Ironically, bringing free-market clarity to pricing and process might help institutions argue that they’re fundamentally distinct. “We’ve created a system that is opaque, and that doesn’t make people feel good,” Pérez said. “People want to know what are the rules, how do I get in, and all of that. And we haven’t been very good about that.”
Have the encroachments in athletics and admissions opened the door for higher education to be viewed as collusive in other ways? The National Association of College and University Attorneys noted in a 2015 analysis of legal risks for the sector that “there has been a surprising amount of enforcement activity and private antitrust litigation involving colleges and universities, and this trend will likely increase.” The authors identified a wide range of possible future challenges in the areas of intellectual property, joint-purchasing agreements, and even student housing.
The association also acknowledged that, because antitrust laws “are tailored to the needs of the commercial marketplace, they often fit awkwardly into the world of nonprofit educational organizations.”
In the current political climate, one area that the brief identifies stands out: accreditation.
Accreditation is “by definition, collective action by rivals who have the power to exclude a school” the brief notes. Critics have often referred to accreditation as a “cartel,” and on occasion accreditors have faced antitrust lawsuits. Those suits have generally failed, the NACUA brief explains, but they become more plausible “where an injured school claims that it has been excluded as a result of collective decision-making by rival schools seeking to advance their commercial interests.”
Traditional agencies that accredit most public and nonprofit colleges, on the other hand, have not, so far, been seen as engaging in commercial activity that would subject them to antitrust law, according to the NACUA brief.
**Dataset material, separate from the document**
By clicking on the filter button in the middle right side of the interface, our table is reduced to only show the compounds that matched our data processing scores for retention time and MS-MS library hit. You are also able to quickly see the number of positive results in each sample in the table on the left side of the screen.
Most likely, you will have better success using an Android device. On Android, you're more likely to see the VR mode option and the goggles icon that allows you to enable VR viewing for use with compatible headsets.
But accreditors have been threatened by President Trump, who blames the commissions for creating standards on diversity, equity, and inclusion. Many of the conservative voices that are allies of the president, such as the Heritage Foundation, have also referred to accreditors as cartels.
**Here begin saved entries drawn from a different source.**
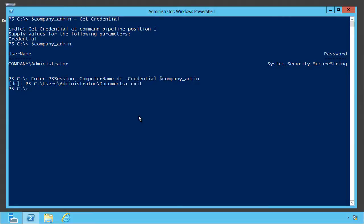Now the other thing some folks will ask is, is there a way to avoid the prompt completely? Is there a way to somehow put the password right on the command line? And the answer from a very short and practical perspective is no. And that's on purpose.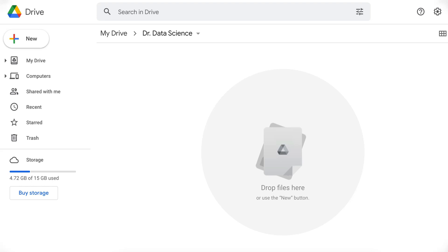Today, we are going to talk about Google Collaboratory, or Google Colab for short. If you used Jupyter Notebook previously, you would quickly learn to use Google Colab. Colab is a free Jupyter Notebook environment that runs entirely in the cloud. Most importantly, it does not require a setup, and the notebooks that you create can be simultaneously shared and edited by your team members, just the way you edit documents in Google Docs.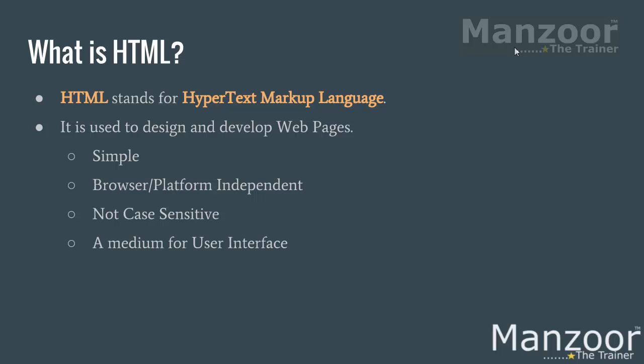Any website, irrespective to any technology, anything that you see on your internet browser is HTML.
Accreditors may not face serious antitrust suits, says John R. Przypyszny, a lawyer who specializes in accreditation, but they may have a hard time explaining their role to dubious lawmakers. “It’s a no-win situation,” he said. “If you are rigorous, you’re called a cartel. If you lower the bar, you’re accused of not protecting consumers.”
Meanwhile, antitrust accusations have swirled around the scholarly publishing industry. In September, a professor-in-residence at the University of California at Los Angeles, filed a sweeping antitrust lawsuit against six scholarly publishing firms, alleging that they colluded to restrict competition for new research by preventing authors from submitting their work to more than one journal at a time and by fixing payment for faculty peer reviewers at $0.
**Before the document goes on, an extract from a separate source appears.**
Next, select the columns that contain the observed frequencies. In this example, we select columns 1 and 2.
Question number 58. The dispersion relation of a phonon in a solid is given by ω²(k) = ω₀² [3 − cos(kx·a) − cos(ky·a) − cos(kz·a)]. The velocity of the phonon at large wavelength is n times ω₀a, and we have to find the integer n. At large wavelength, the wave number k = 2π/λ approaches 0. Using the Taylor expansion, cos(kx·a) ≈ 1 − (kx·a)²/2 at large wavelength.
Publishing experts raised significant doubts about the suit’s claims, noting that just because the publishers have similar policies doesn’t mean they are colluding. But it’s a sign that even faculty members are feeling misused by a system that generates an estimated $10 billion in revenues, according to the legal complaint, largely built on the backs of their voluntary service.
And more antitrust actions may be coming. The most-obvious target of future litigation on this front, according to many economists and legal experts, is a familiar one: big-time athletics.
One lawsuit, challenging an Ivy League policy that prohibits athletic scholarships, was dismissed last year by a federal court judge but has been appealed to the Second Circuit Court of Appeals. The Ivy League members are among the nation’s wealthiest commercial organizations, with a combined $170 billion in endowments, the complaint argues, and “multiple billionaires and millionaires willing to write seven-, eight-, and nine-figure checks — often to support Ivy League athletics.”
The complaint serves as a reminder: As long as there are large amounts of money at stake, higher education will have to beat back claims that it’s acting as a cartel.